_EXERCISE AIM_
Extract only the lines running from the top of the entries to the line that holds "Long Beach Ocean". Include that line and omit the pictures.

START DATA EXTRACTS

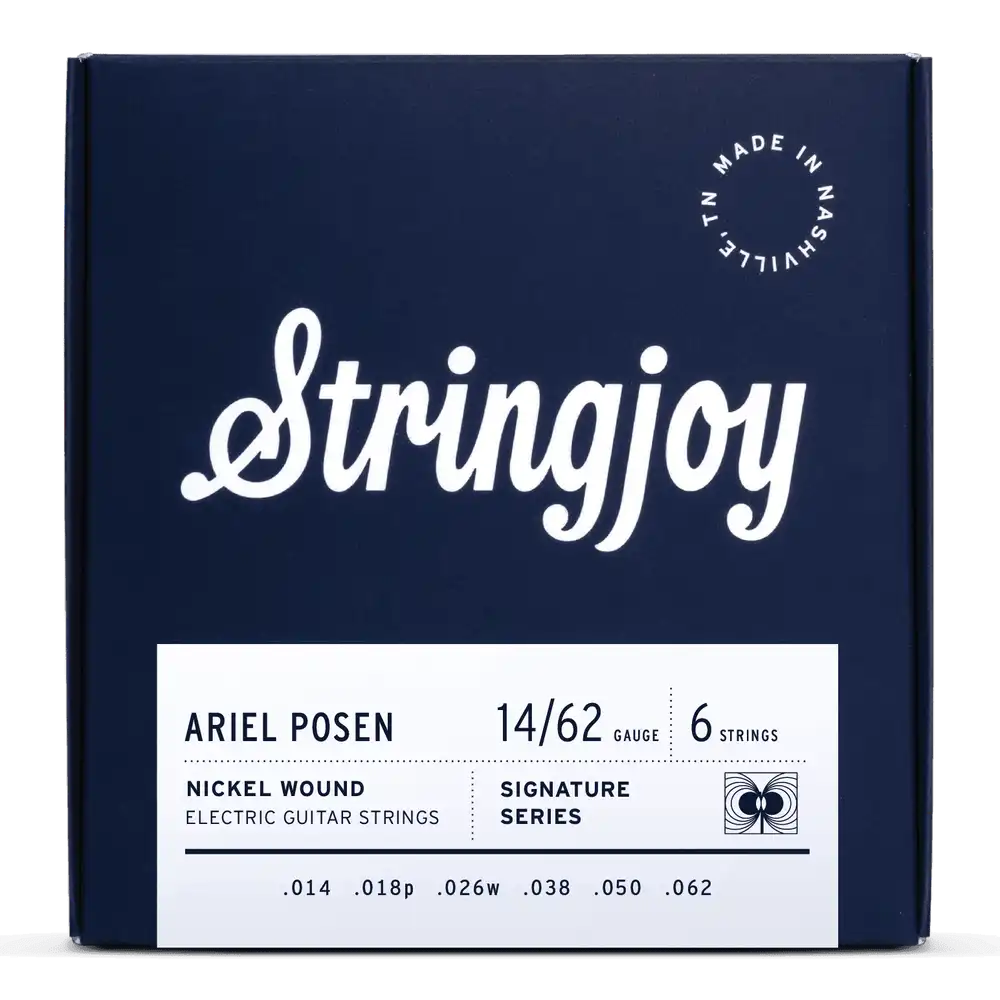 Stringjoy 14-62 Ariel Posen Artist Series Signatures - Nickel Wound Electric Guitar Strings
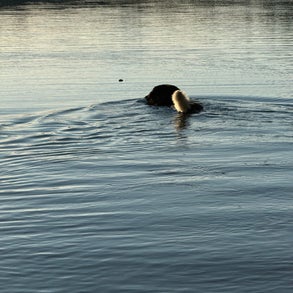 img_2477-standard-d49cyc.jpg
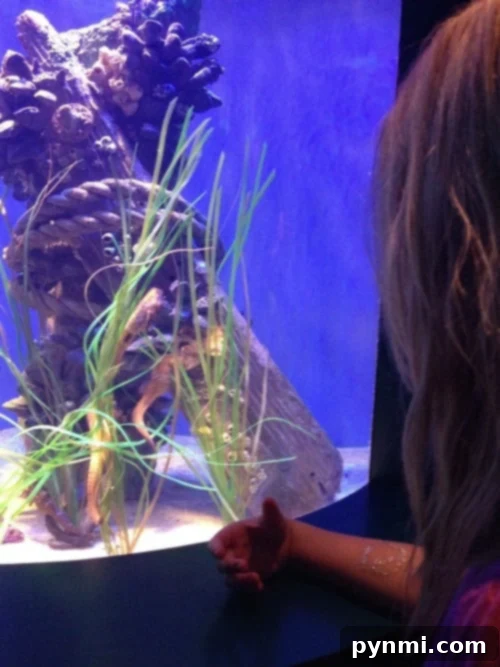 Long Beach Ocean Discovery 3 Diverse marine life showcased at the Aquarium of the Pacific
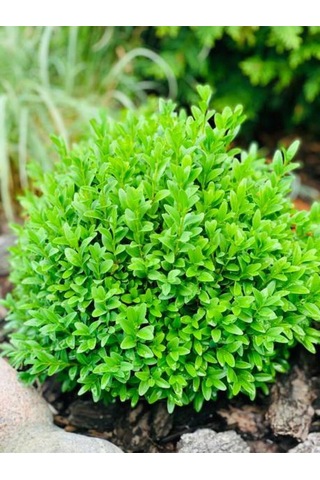 Videolu Çalı Şimşir Peyzaj Bitkisi 30 40cm 1 Adet Saksılı Dış Mekan Buxus Sempervirens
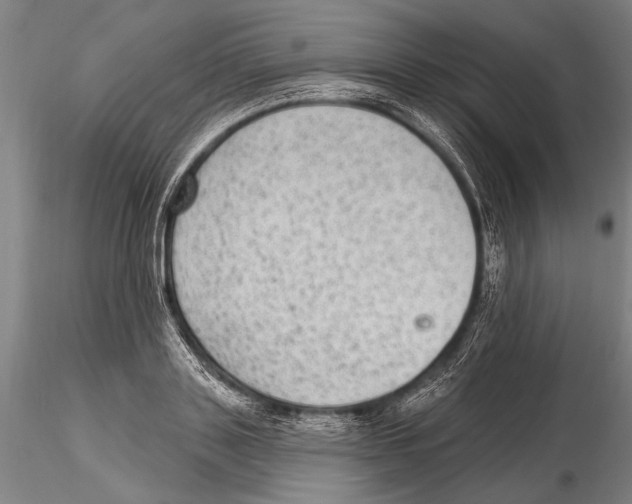 X0000115380843200912011203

END DATA EXTRACTS

_TASK OUTPUT_
 Stringjoy 14-62 Ariel Posen Artist Series Signatures - Nickel Wound Electric Guitar Strings
 img_2477-standard-d49cyc.jpg
 Long Beach Ocean Discovery 3 Diverse marine life showcased at the Aquarium of the Pacific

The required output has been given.